Sunday, August 23, 2015

some bad advice

Today's readings: Job 8:1-11:20, 1 Cor 15:1-28, Psalm 38:1-22, Prov 21:28-29

Well, the last two days I've been saying that Job's friends were going to drop the ball. And today, they drop it.

Bildad the Shuhite (besides having a great name for making jokes) gives some of the worst advice possible in today's readings. He tells Job that Job's children died because God killed them because they were sinful.

It's hard to know where to start. First, telling someone who is grieving that God killed their lost loved one is a bad idea. Second, telling them that it was because they were sinful is an even worse idea. Even if it were true (and the text gives us no reason to think it was, and Bildad wasn't even there to know if it was), telling someone who is grieving that their children were killed by God for being sinful can only have bad results. It might turn the person against God. It might turn the person against the one giving the advice. It might make the person who is grieving fearful that God might strike them dead for doing something wrong. What it DOESN'T do is comfort them, give them anything useful to think about, or help them heal.

Bad Bildad!

The lesson from today's reading, besides "don't be like Bildad", is to remember that speaking the truth is not enough in most situations. Let's pretend that what Bildad said was true, and Job's children DID live lives of debauchery and so God killed them. (It's hard to even imagine it, but let's pretend.) Even if it were true... telling someone the truth is not enough.

And that is useful in today's world, especially in our hyperconnected world online. Every day we can be involved in the lives of dozens, even hundreds of other people. And if we go around telling people what's true, without realizing what goes WITH the truth, then we are just going around hurting people.

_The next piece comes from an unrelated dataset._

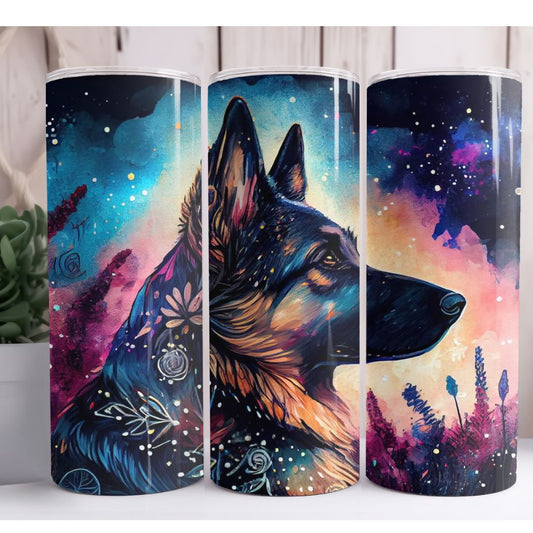 German Shepherd Watercolor 20oz Skinny Tumbler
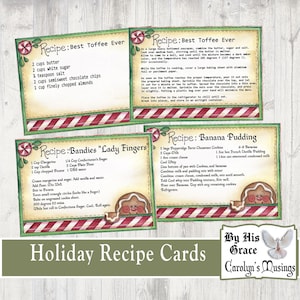 Printable, Christmas Holiday, Recipe Cards, digital download, Recipe Book Printable Gift, (PDF)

The truth can be very painful. It can be hard to hear. It can even destroy you. That's why it's so important to speak the truth in LOVE. And there are times when it's best to keep the truth to ourselves. Does my friend's haircut make them look terrible? Maybe. Do I need to TELL them that? Probably not. I can focus on things that don't make them feel terrible. I can love them by keeping my thoughts about their haircut to myself.

Haircut is just one, small example. But there are so many others. If you see that your friend needs help, or advice, or even a wake up call... hitting them over the head with it in blunt, uncaring words will only drive them away from you and make them even less likely to listen and change.

The truth can be devastating, if not spoken in love.

God, remind me to speak Your truth in love.

1 comment:

julie reedy said...

Amen, you nailed it again Jeff. You should be a writer,, oh yeah you are. And a great one too!